Monday, May 05, 2008

Faulty Assumptions

My friends Stephen and Brooksyne Weber from Mount Joy, PA must have considered my post regarding the Tim Hortons' Drive Thru escapade worth repeating. They included it in their Daily Encouragement today.

Stephen writes:

"Faulty Assumptions"

"But if you fail to do this, you will be sinning against the LORD; and you may be sure that your sin will find you out" (Numbers 32:23).

David FisherDavid Fisher is a sports chaplain and fellow encourager friend of ours from Canada. Several years ago we met after he stopped by our home and joined us for dinner. He was here for a game when the Toronto Blue Jays played Baltimore. Today I want to share an illustrative experience that David sent us regarding a visit to a Canadian Drive Thru restaurant:

"Recently I was with several family members and we stopped for a coffee at Canada's favorite watering hole, "Tim Hortons". We didn't go into the coffee shop; we went through the famous Drive Thru.

We paused to give the attendant our order and waited for what seemed like an eternity, but nobody was coming on the intercom to take our order. One of us began to murmur and complain using phrases like: "They are awfully slow here." "I've had trouble here before." "There's nobody else in line." "What's the problem?" I added that I had experienced a few "slow" attendants at this particular Tims. The driver was getting very exasperated.
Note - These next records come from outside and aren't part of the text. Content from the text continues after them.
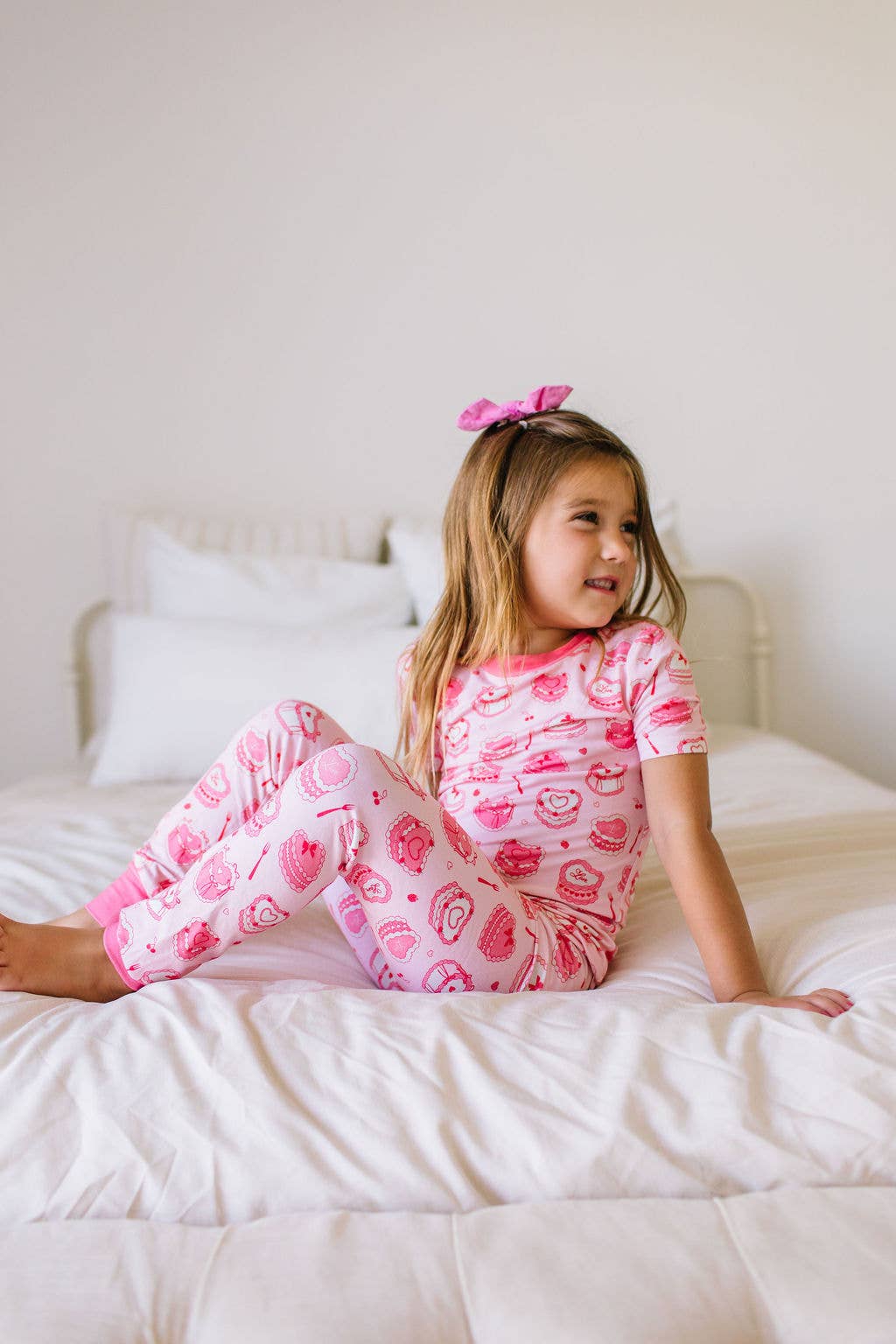 Eat your Heart Out Bamboo PJ's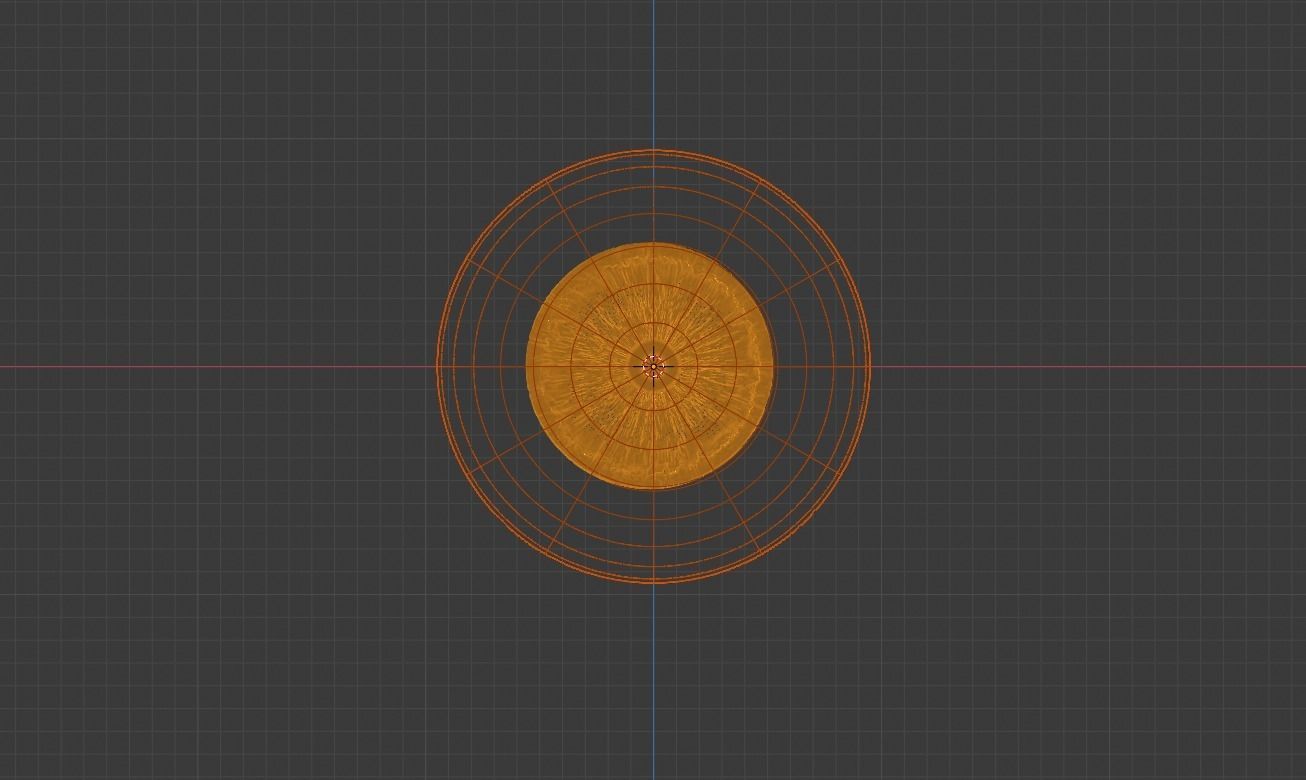 human eye 3D model_5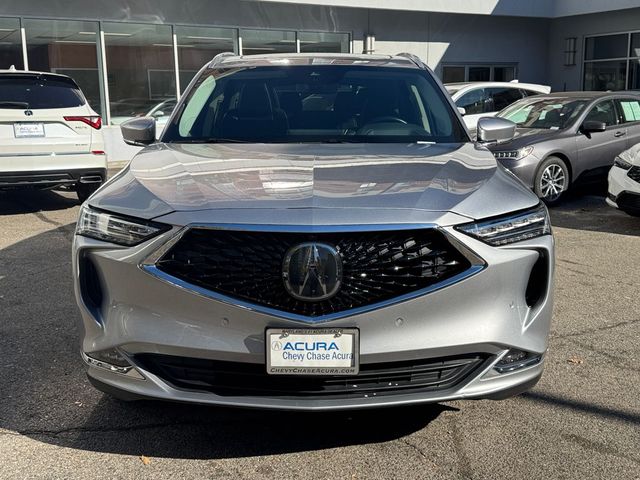 2022 Acura MDX Advance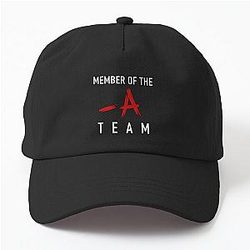 Membro della A Team Essential T-Shirt Dad Hat
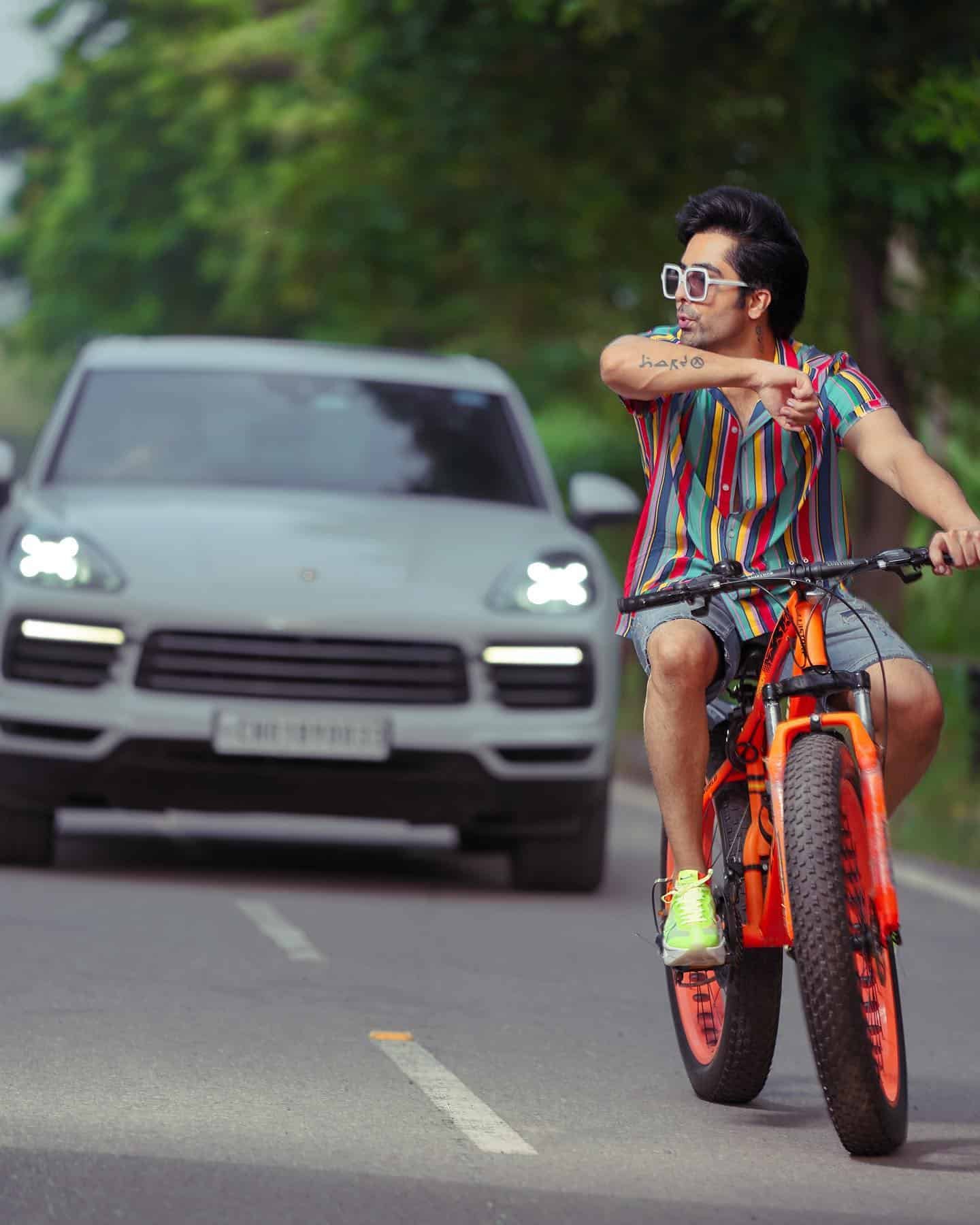 Harrdy Sandhu Pic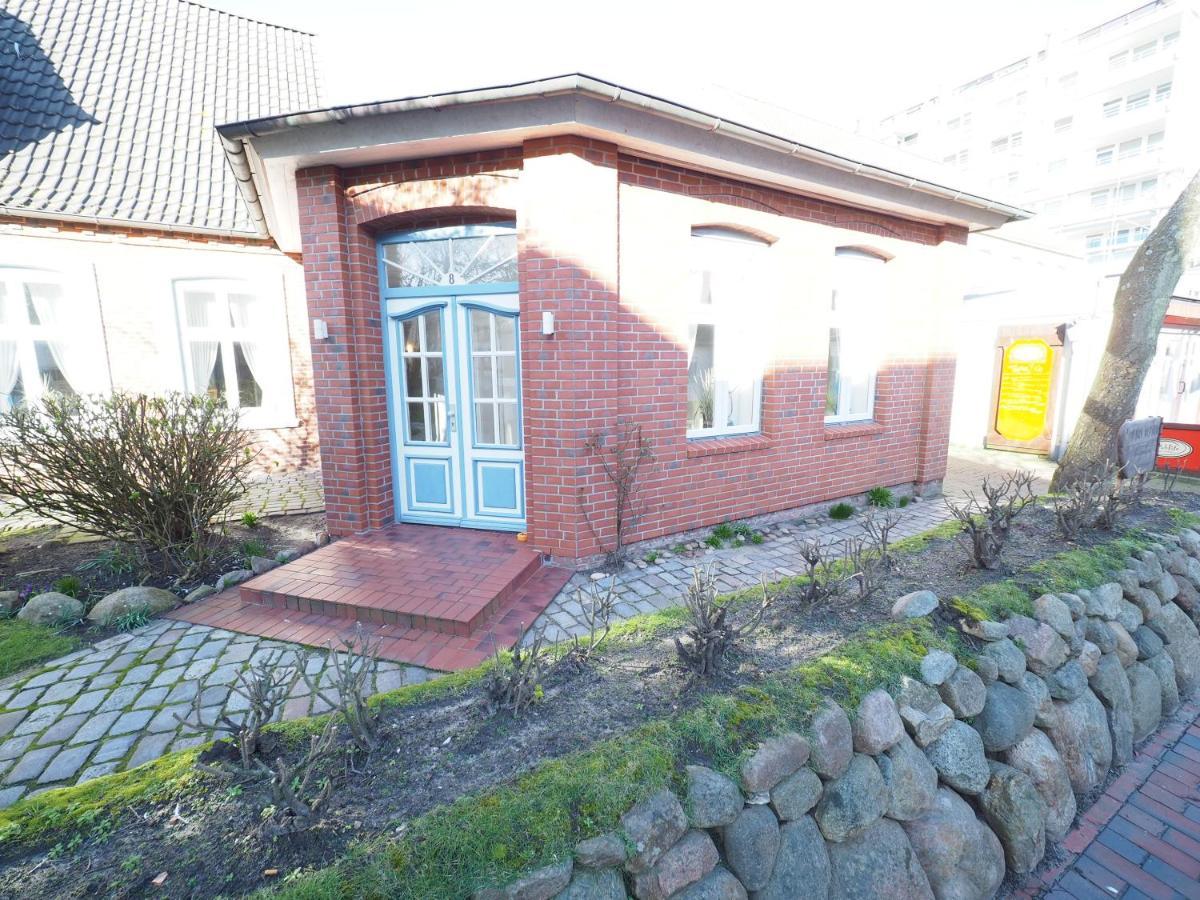 Haus Neptun App. 2 Apartment Westerland Bagian luar foto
It was then that I observed and realized, much to our chagrin, that we had stopped at the menu board, not at the place with the microphone and speaker where you place your order. We were "barking up the wrong tree" so to speak. We drove ahead a few feet, placed our order and were on our way in moments. Great service...and quick, once we got to the right spot!"

The above illustration indicates that there was some misunderstanding among David's family members. They had drawn the wrong conclusion regarding where to place their order. I have to admit I've made the same mistake at drive through windows, but caught on just a bit quicker than his party! We can so easily draw the wrong conclusions and make faulty assumptions in life.

Chapter 32 of Numbers has some interesting thoughts about misunderstandings and assumptions in human relationships. Let's consider the historical background: the new generation of Israelites is camped east of the Jordan. Leaders from the tribes of Reuben and Gad made a request to Moses to settle and consider as their inheritance the lands east of the Jordan, which were suitable for livestock. Moses initially misunderstood their request, assuming they were attempting to dodge their responsibilities in the conquest of Canaan.

However, the leaders further clarified their proposal indicating that they would indeed be sending their fighting men to assist the other tribes and pledging that they would not return until the conquest was complete. Moses' tone changed with the clarification and he accepted their proposal, but reminded them of the consequences of failing to keep their word in our daily verse. Tracking through the history of the conquest we see they did indeed keep their word and were commended by Joshua for their faithfulness in Joshua 22.

There's a lot of good teaching in this chapter but let me just focus on the initial faulty assumption and reaction by Moses. I believe it typifies situations that occur frequently in life which leads to strife-filled relationships in the home, church, work and elsewhere. When the tribal leaders approached Moses he drew the wrong conclusion, assuming they were not going to do their part. (Perhaps the tribal leaders also erred in not being clearer in their initial proposal.)

Have you ever been like Moses and come to the wrong conclusion? I sure have. Communication and clarification can do a lot to bring healing and understanding in relationships. May God help us today to listen to one another and clarify as needed. And be careful with assumptions, you just may be "barking up the wrong tree!"

Be encouraged today,

Stephen & Brooksyne Weber

Daily prayer: Father, help us to be slow to speak, quick to listen, and eager to give the benefit of the doubt to others. We often jump to conclusions that are erroneous due to our own preconceived ideas or based on our past experiences. Give each of us an understanding heart and discerning spirit in our relations with others we intersect with on our daily paths. In the name of Jesus we pray, amen.